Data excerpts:
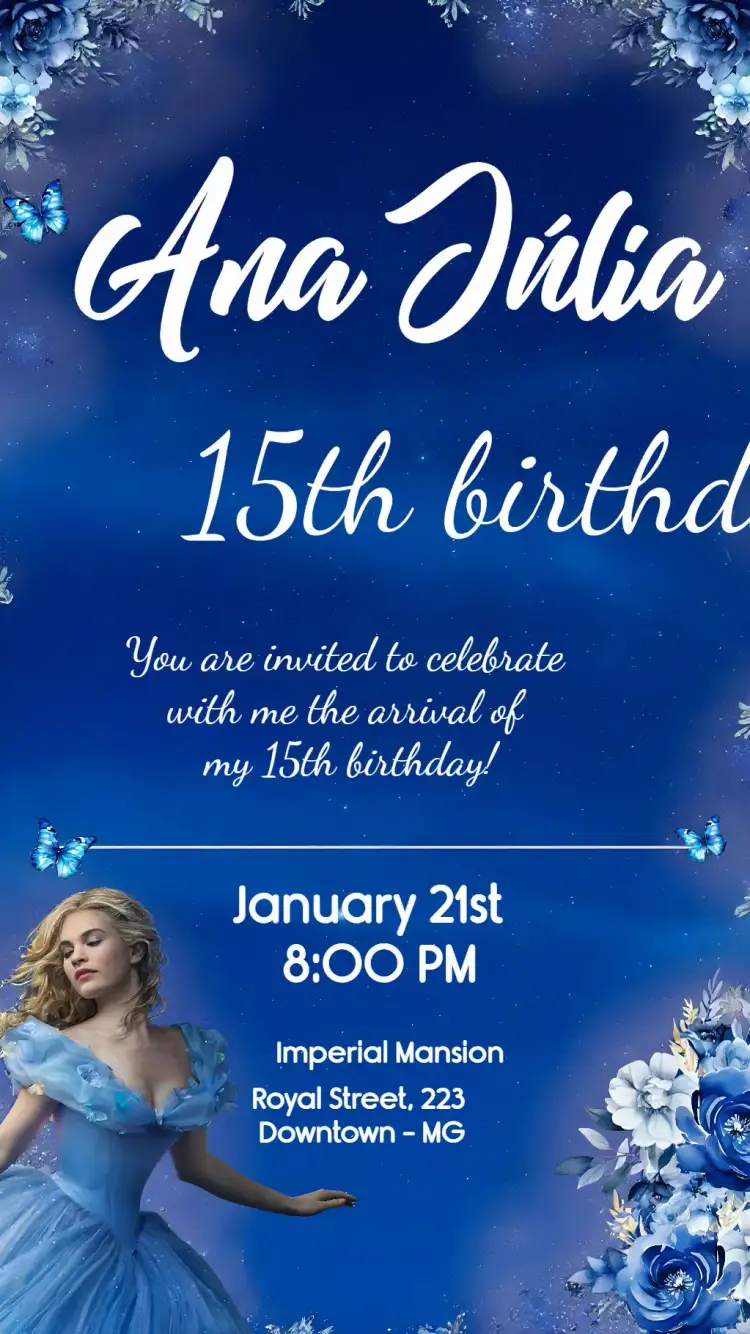 Invitation 15 Years Cinderella Butterfly – Sweet 15 theme Cinderella, Butterflies, Light blue, Elegant, Feminine, Magical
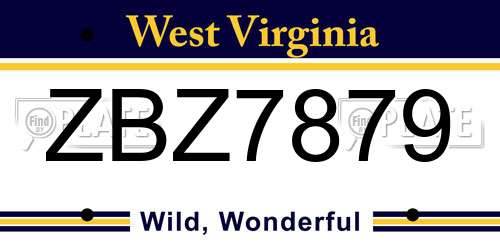 ZBZ7879 West Virginia License Plate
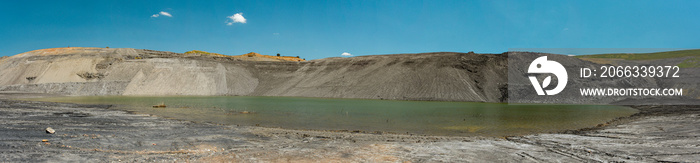 Coal mining, defunct open pit mine in Puertollano, Ciudad Real, Spain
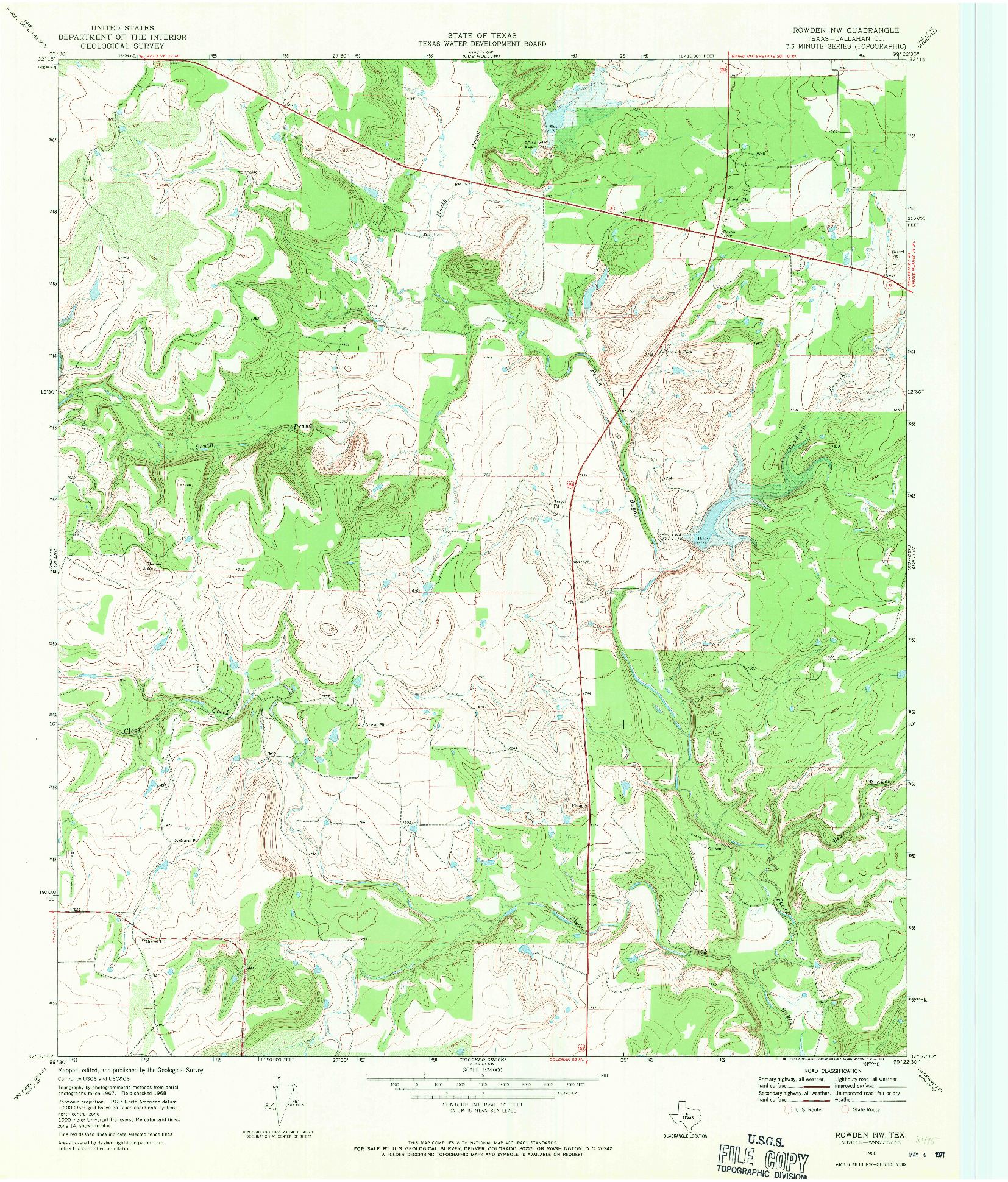 USGS 1:24000-SCALE QUADRANGLE FOR ROWDEN NW, TX 1968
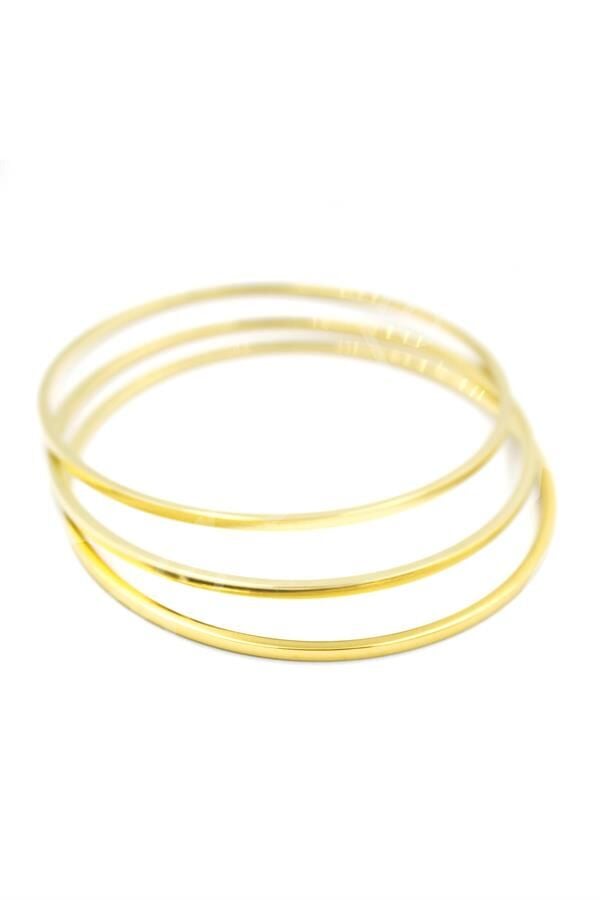 3'lü Ajda Bilezik - 65mm - Altın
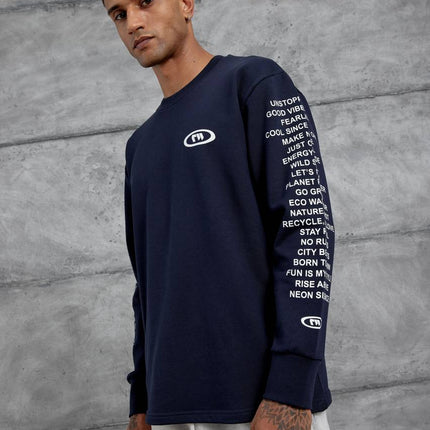 Unisex Text Sleeve Long-Sleeve T-Shirt – Urban Graphic Pullover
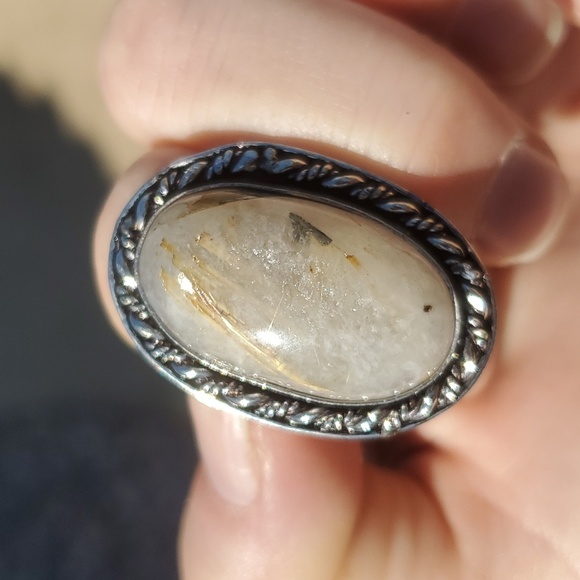 New Gold Rutilated Quartz 925 Silver Ring. - Picture 15 of 16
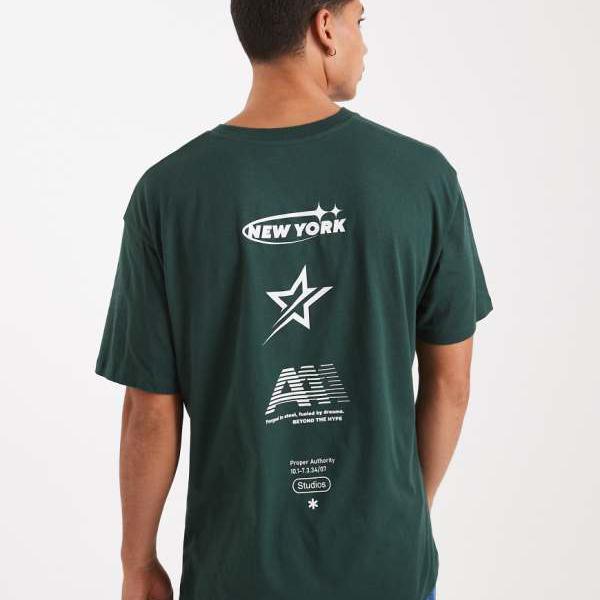 ジャックアンドジョーンズ Jack \u0026 Jones ダークグリーンのバックプリントのジャック＆ジョーンズTシャツ トップス メンズ 男性 インポートブランド 小さいサイズから大きいサイズまで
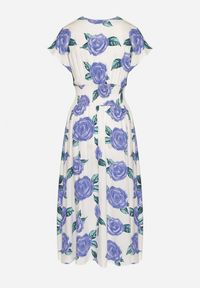 Born2be - Niebiesko-Biała Kopertowa Sukienka z Bawełną w Kwiaty Tdivana. Okazja: na spacer. Typ kołnierza: dekolt w kształcie V. Kolor: niebieski. Materiał: bawełna. Wzór: kwiaty. Sezon: wiosna, lato. Typ sukienki: kopertowe. Styl: elegancki #2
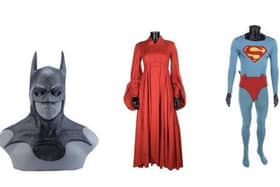 Production-Made Batman (Michael Keaton) Cowl from Batman (1989).  Buttercup's (Robin Wright) Dress from The Princess Bride (1987). Superman's (Christopher Reeve) Tunic and Leggings from Superman IV: The Quest For Peace (1987). (C) Prop Store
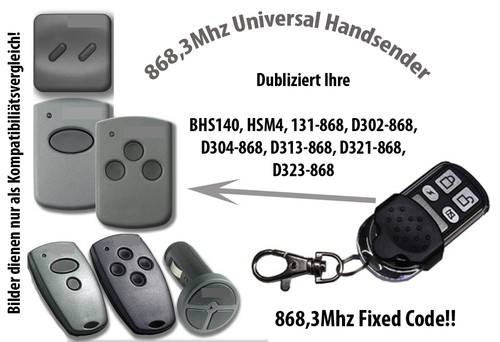 868 mhz handsender kompatibel - 868,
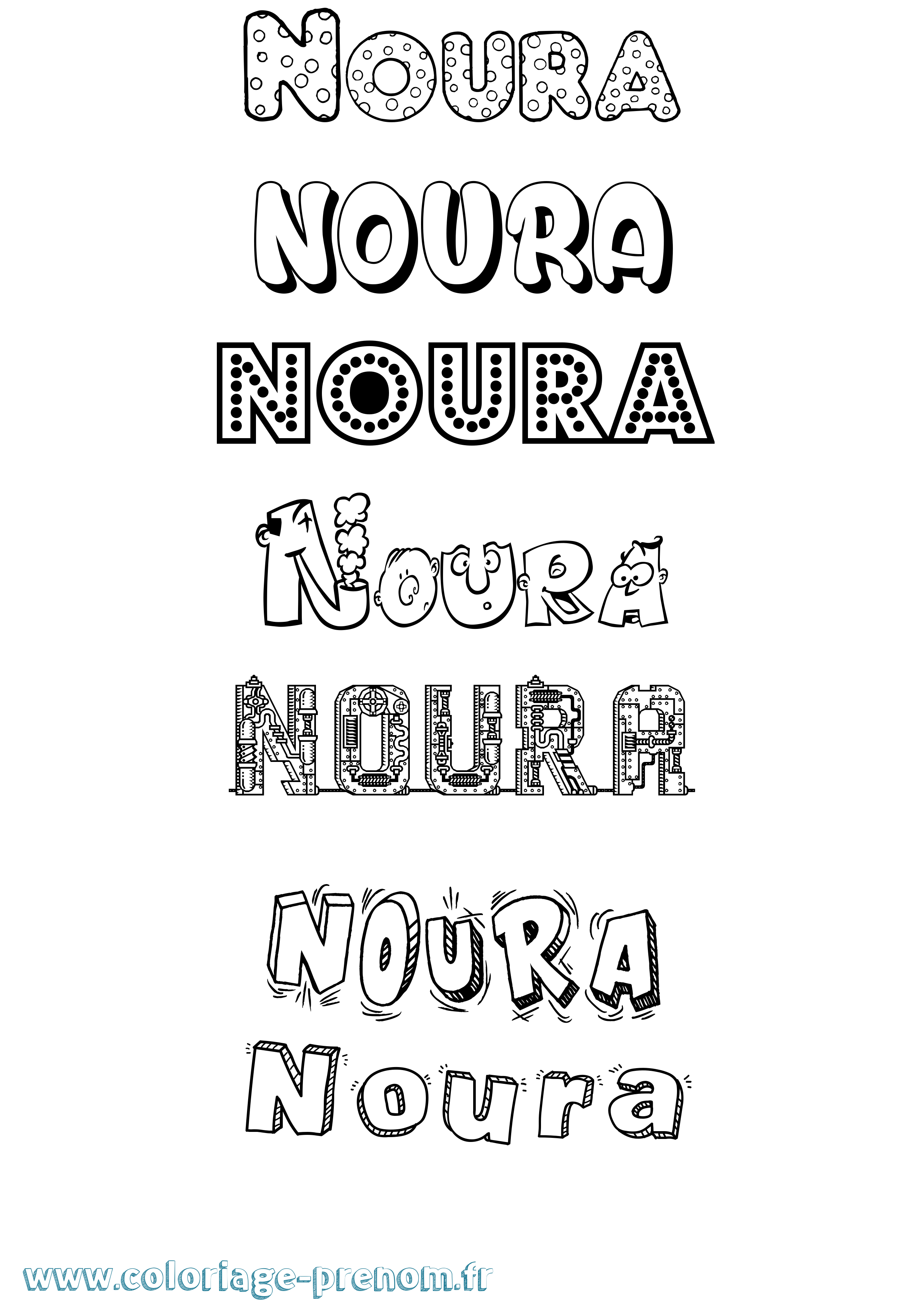 Coloriage prénom Noura Fun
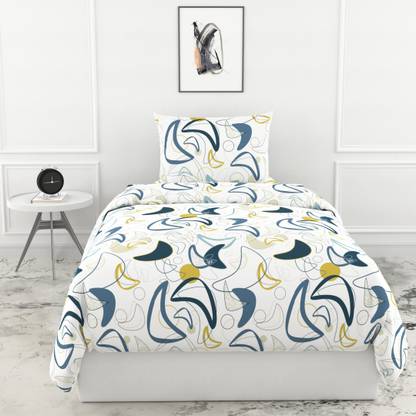 LORETO Cotton Single Flat 144 TC Printed Bedsheet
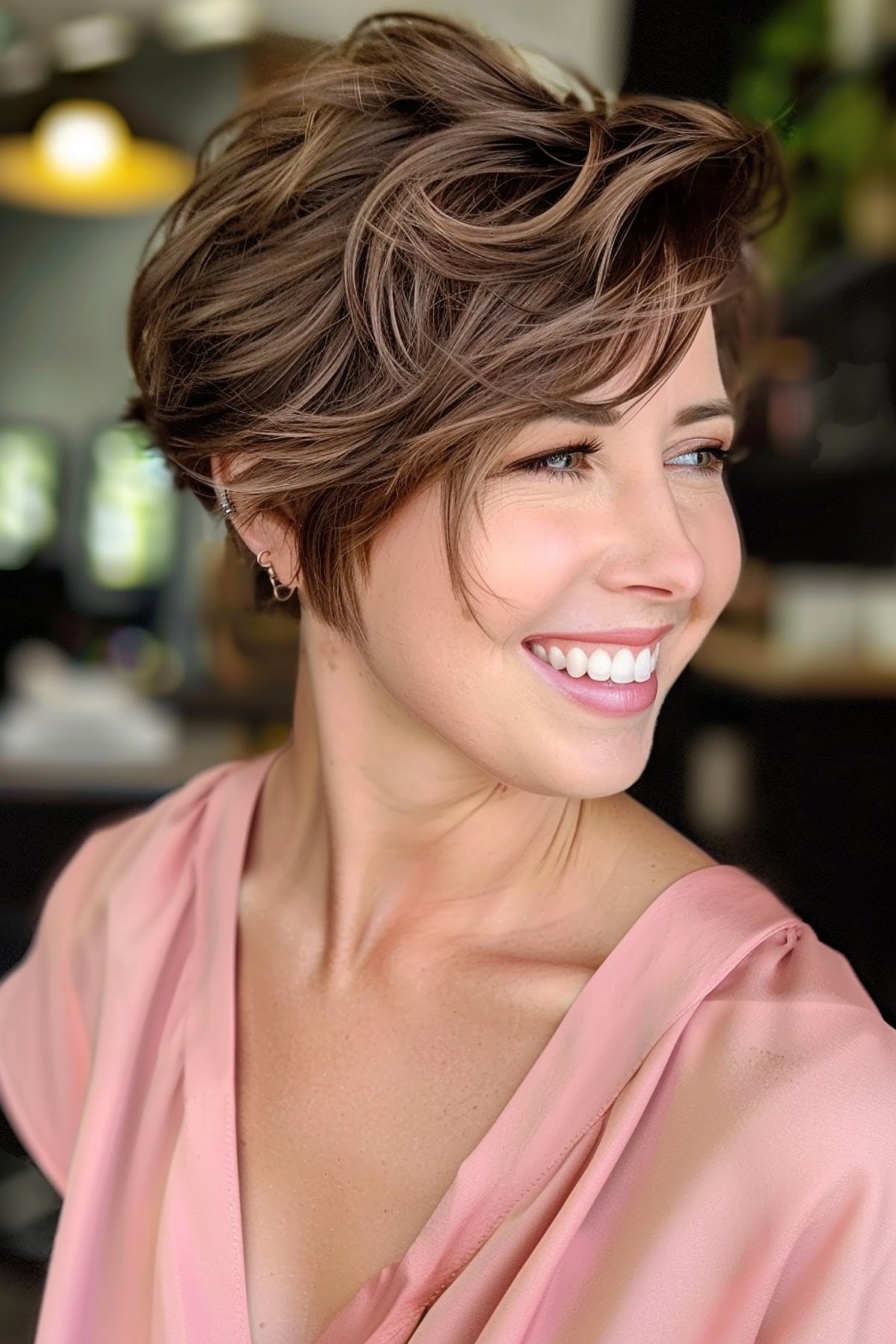 Brown tousled wavy pixie bob with undercut for a playful yet sophisticated look.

- **To do**
The pictures stay out of the copy. Set down the entries above precisely.

- **Reply to the task**
 Invitation 15 Years Cinderella Butterfly – Sweet 15 theme Cinderella, Butterflies, Light blue, Elegant, Feminine, Magical
 ZBZ7879 West Virginia License Plate
 Coal mining, defunct open pit mine in Puertollano, Ciudad Real, Spain
 USGS 1:24000-SCALE QUADRANGLE FOR ROWDEN NW, TX 1968
 3'lü Ajda Bilezik - 65mm - Altın
 Unisex Text Sleeve Long-Sleeve T-Shirt – Urban Graphic Pullover
 New Gold Rutilated Quartz 925 Silver Ring. - Picture 15 of 16
 ジャックアンドジョーンズ Jack \u0026 Jones ダークグリーンのバックプリントのジャック＆ジョーンズTシャツ トップス メンズ 男性 インポートブランド 小さいサイズから大きいサイズまで
 Born2be - Niebiesko-Biała Kopertowa Sukienka z Bawełną w Kwiaty Tdivana. Okazja: na spacer. Typ kołnierza: dekolt w kształcie V. Kolor: niebieski. Materiał: bawełna. Wzór: kwiaty. Sezon: wiosna, lato. Typ sukienki: kopertowe. Styl: elegancki #2
 Production-Made Batman (Michael Keaton) Cowl from Batman (1989).  Buttercup's (Robin Wright) Dress from The Princess Bride (1987). Superman's (Christopher Reeve) Tunic and Leggings from Superman IV: The Quest For Peace (1987). (C) Prop Store
 868 mhz handsender kompatibel - 868,
 Coloriage prénom Noura Fun
 LORETO Cotton Single Flat 144 TC Printed Bedsheet
 Brown tousled wavy pixie bob with undercut for a playful yet sophisticated look.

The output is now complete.